Вымышленные библиотеки - страница 7



Обустраивая свои дома, мы стремимся создать собственные книжные топографии, но делаем это под внешним влиянием, воспроизводя увиденное, благодаря или вопреки размножившимся книжным магазинам, мы подражаем библиотекам, знакомым нам с детства. Бютор поясняет: «Добавляя книги в наше жизненное пространство, мы пытаемся перестроить его так, чтобы в нем появились окна». На самом деле мы увеличиваем толщину стен нашего личного лабиринта, сантиметр за сантиметром.

III. Моя библиотека рассыпается, но память о ней – нет

Я никогда не расстраивался, если вдруг не находил у себя на полке какую-то второстепенную книгу, без которой вполне может обойтись любой библиофил. Но в тот день, не обнаружив «Надю», один из тех романов, к которым, как к «Дон Кихоту», «Сердцу тьмы», «Игре в классики», «Волшебной горе» или «Любви», я регулярно возвращался на протяжении более десяти лет, я сильно забеспокоился.

В своем знаменитом эссе «Я распаковываю свою библиотеку (речь собирателя книг)» вечный скиталец Вальтер Беньямин утверждает, что любая коллекция вынуждена балансировать на грани порядка и беспорядка. Его единомышленник Жорж Перек в книге «Думать/Классифицировать» излагает неоспоримый принцип: «В библиотеке, которую не упорядочивают, происходят неурядицы: на этом примере мне попытались объяснить, что такое энтропия, и я не раз проверял это на собственном опыте»[9].

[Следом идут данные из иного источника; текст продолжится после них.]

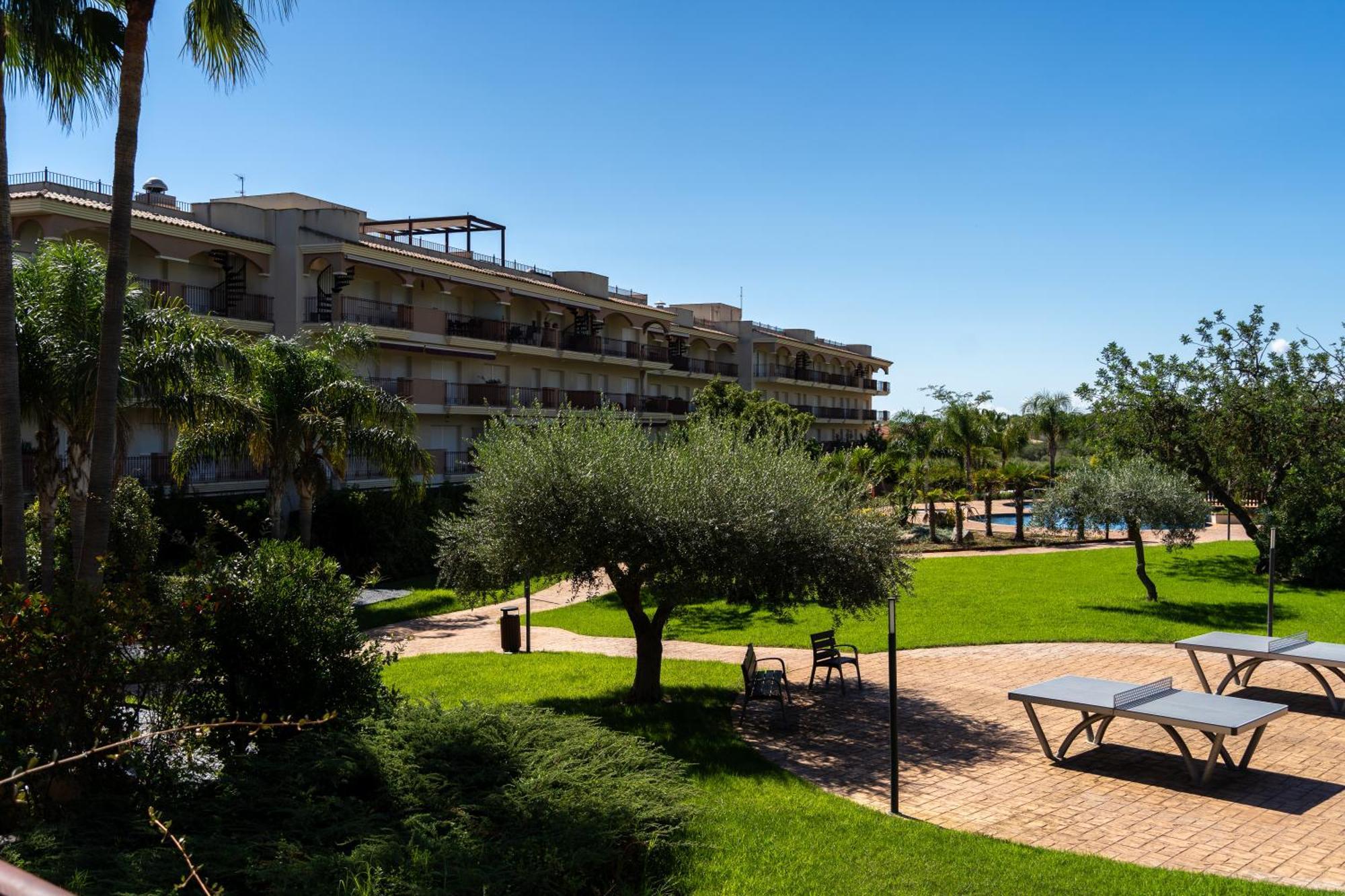 Golden Beach Apartamentos Sant Carles De La Rapita Ngoại thất bức ảnh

Должен признаться, что за четыре с половиной года, прошедших с тех пор, как я переехал в квартиру в барселонском районе Эшампле, я обзавелся кучей книг и несколькими полками, но до чего-то более серьезного руки так и не дошли. И теперь здесь царит невероятный хаос.

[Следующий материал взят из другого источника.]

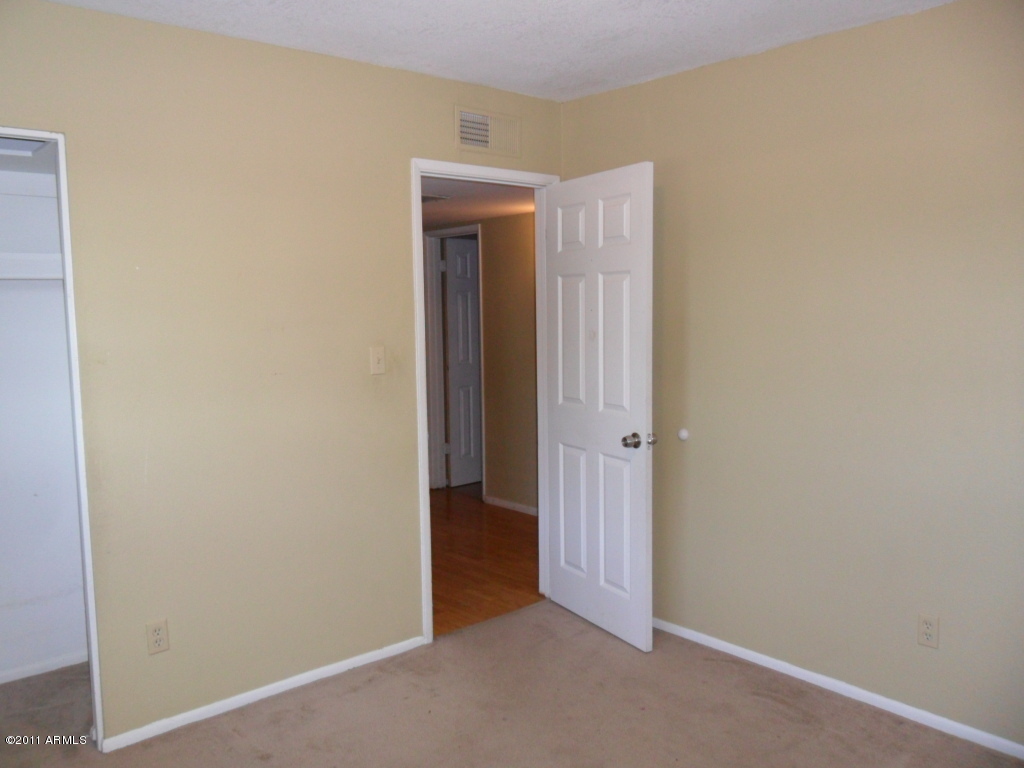 1133 East Ardmore Road Phoenix, AZ 85042 - Photo 21 of 34 SAM_2360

Логика мироздания пронизана духом подражания. Всё работает по принципу копирования и воспроизведения. Кажущаяся уникальность личности – не более чем многогранная комбинация вариантов, позаимствованных нами извне. Моя библиотека – это реакция на пустоту родительского дома: здесь уживаются следы всех библиотек, в которых мне довелось побывать с детства. Так я недавно наткнулся на несколько фотокопий дневника Пола Боулза с заветным штампом Caixa Laietana. Не менее ценными для меня остаются и издания, найденные в библиотеке Чикагского университета. Помню, каждые выходные они избавлялись от книг, попутно преобразуя библиотеку в антикварный книжный.

Во время последнего переезда я упорядочил все книги по языковым традициям и степени их важности. Рядом с письменным столом я держу книги по теории литературы, коммуникации, что-то о путешествиях и урбанистике. Позади, в двух шагах, – испаноязычная литература, расставленная в алфавитном порядке.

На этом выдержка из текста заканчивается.